[Stored entries]
================================

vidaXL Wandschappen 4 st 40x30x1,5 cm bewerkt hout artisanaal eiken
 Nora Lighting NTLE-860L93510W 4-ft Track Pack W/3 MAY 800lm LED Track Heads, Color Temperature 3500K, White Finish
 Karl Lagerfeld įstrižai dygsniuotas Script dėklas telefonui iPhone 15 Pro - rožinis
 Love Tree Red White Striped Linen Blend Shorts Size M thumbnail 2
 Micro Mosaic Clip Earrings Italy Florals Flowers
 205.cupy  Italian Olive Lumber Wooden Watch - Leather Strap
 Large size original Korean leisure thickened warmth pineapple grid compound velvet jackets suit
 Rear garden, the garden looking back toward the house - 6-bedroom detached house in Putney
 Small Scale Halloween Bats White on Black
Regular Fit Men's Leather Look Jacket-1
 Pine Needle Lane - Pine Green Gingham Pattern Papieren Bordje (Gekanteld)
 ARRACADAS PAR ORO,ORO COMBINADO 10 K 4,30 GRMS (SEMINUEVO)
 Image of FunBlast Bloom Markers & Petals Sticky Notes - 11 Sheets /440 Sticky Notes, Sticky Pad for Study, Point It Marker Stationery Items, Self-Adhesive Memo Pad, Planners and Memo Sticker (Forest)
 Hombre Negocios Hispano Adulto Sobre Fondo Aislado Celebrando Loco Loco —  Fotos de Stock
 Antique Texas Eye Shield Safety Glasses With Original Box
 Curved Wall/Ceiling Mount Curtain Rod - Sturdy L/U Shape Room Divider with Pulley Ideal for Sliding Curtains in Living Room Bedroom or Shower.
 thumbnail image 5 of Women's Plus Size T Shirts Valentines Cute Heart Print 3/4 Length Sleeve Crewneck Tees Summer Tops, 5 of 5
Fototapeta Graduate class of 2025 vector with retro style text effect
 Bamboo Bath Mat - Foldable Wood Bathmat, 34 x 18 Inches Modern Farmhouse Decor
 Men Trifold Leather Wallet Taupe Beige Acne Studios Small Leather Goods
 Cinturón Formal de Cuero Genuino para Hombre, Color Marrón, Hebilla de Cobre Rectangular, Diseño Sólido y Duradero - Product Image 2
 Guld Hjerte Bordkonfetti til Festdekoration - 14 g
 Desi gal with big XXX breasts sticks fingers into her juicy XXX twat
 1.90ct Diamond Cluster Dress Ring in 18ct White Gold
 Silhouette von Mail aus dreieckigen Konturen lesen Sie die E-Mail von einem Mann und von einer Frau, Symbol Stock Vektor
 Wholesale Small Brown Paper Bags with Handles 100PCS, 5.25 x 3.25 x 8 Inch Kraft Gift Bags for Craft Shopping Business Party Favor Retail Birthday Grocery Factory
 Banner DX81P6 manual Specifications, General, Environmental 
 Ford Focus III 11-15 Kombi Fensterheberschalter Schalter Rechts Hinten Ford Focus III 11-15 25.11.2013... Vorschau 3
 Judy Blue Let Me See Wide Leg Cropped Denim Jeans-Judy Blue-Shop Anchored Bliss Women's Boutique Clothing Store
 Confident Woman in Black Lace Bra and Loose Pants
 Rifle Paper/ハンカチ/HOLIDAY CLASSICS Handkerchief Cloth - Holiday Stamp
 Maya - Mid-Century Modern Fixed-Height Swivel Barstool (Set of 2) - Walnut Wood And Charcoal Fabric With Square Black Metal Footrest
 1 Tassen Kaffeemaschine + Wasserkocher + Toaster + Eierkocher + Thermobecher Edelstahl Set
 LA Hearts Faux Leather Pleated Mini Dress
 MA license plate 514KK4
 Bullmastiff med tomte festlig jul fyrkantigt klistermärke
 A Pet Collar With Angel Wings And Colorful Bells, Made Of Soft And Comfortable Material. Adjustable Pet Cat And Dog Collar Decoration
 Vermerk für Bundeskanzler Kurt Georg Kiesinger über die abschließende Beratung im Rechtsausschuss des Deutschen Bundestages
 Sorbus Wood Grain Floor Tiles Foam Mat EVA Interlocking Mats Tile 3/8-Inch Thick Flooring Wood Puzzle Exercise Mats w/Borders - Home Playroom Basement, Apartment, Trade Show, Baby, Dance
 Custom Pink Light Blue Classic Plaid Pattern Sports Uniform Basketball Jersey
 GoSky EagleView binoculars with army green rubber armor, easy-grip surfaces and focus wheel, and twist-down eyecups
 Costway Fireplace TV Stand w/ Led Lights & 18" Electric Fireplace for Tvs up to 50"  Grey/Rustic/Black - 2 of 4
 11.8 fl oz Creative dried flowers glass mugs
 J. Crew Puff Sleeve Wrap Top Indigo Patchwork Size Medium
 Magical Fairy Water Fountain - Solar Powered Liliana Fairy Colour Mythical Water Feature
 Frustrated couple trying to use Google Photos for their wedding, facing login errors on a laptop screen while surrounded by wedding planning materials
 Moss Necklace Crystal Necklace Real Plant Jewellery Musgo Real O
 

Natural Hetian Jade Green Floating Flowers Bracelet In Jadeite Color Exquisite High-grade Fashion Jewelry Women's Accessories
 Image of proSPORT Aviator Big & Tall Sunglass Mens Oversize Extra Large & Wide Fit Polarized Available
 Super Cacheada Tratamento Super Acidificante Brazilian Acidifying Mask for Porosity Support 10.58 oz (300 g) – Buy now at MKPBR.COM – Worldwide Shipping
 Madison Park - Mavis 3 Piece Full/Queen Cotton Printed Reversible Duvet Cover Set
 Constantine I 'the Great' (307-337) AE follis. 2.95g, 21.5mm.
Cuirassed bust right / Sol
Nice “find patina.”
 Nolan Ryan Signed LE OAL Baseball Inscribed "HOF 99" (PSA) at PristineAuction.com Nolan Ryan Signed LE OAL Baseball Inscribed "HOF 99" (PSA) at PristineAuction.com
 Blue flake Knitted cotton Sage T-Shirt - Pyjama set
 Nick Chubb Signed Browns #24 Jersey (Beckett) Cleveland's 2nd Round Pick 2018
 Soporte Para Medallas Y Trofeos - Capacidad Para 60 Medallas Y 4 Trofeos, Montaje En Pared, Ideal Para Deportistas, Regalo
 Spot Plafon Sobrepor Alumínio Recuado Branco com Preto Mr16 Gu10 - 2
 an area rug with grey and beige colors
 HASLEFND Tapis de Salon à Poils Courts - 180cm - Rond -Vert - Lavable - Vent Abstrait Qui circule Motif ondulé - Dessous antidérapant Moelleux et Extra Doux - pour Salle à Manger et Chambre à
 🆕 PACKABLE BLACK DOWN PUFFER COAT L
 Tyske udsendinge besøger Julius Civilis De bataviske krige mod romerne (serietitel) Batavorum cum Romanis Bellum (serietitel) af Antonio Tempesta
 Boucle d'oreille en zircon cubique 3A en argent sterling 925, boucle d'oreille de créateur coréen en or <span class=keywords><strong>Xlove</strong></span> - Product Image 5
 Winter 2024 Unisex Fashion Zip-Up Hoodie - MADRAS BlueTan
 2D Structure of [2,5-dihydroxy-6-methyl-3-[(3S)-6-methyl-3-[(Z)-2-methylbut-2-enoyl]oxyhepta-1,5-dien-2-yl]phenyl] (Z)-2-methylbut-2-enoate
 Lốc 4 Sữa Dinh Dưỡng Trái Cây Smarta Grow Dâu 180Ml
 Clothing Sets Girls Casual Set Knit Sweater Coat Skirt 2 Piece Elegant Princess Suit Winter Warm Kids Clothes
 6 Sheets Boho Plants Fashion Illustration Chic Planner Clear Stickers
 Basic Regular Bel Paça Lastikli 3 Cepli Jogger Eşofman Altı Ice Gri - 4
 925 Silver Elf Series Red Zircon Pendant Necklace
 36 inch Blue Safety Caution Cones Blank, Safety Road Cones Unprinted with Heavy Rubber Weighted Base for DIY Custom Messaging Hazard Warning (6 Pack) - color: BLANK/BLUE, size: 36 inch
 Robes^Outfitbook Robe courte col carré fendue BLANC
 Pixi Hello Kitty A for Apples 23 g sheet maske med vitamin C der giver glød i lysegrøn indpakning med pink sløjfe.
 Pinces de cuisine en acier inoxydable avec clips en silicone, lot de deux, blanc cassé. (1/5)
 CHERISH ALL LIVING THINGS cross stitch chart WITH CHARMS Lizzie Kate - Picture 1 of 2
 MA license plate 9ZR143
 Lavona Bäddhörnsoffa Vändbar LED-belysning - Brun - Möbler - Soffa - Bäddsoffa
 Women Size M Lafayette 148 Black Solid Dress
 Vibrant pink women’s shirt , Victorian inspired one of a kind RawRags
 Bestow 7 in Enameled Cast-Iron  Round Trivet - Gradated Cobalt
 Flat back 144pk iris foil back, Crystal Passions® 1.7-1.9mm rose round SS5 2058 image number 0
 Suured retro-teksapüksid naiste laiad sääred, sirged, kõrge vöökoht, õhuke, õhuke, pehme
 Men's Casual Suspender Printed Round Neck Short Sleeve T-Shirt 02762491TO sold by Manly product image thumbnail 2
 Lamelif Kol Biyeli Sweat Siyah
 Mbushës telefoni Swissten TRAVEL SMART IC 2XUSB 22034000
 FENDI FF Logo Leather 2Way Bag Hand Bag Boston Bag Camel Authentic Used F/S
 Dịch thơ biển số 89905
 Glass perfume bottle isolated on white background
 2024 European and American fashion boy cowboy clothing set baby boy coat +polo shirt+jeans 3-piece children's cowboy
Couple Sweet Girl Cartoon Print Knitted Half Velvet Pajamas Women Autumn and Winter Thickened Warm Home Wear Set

================================

▶ **TASK**: All lines in the records above with "Leather" need to be found and copied.

▶ **TASK RESULT**:
 205.cupy  Italian Olive Lumber Wooden Watch - Leather Strap
Regular Fit Men's Leather Look Jacket-1
 Men Trifold Leather Wallet Taupe Beige Acne Studios Small Leather Goods
 LA Hearts Faux Leather Pleated Mini Dress
 FENDI FF Logo Leather 2Way Bag Hand Bag Boston Bag Camel Authentic Used F/S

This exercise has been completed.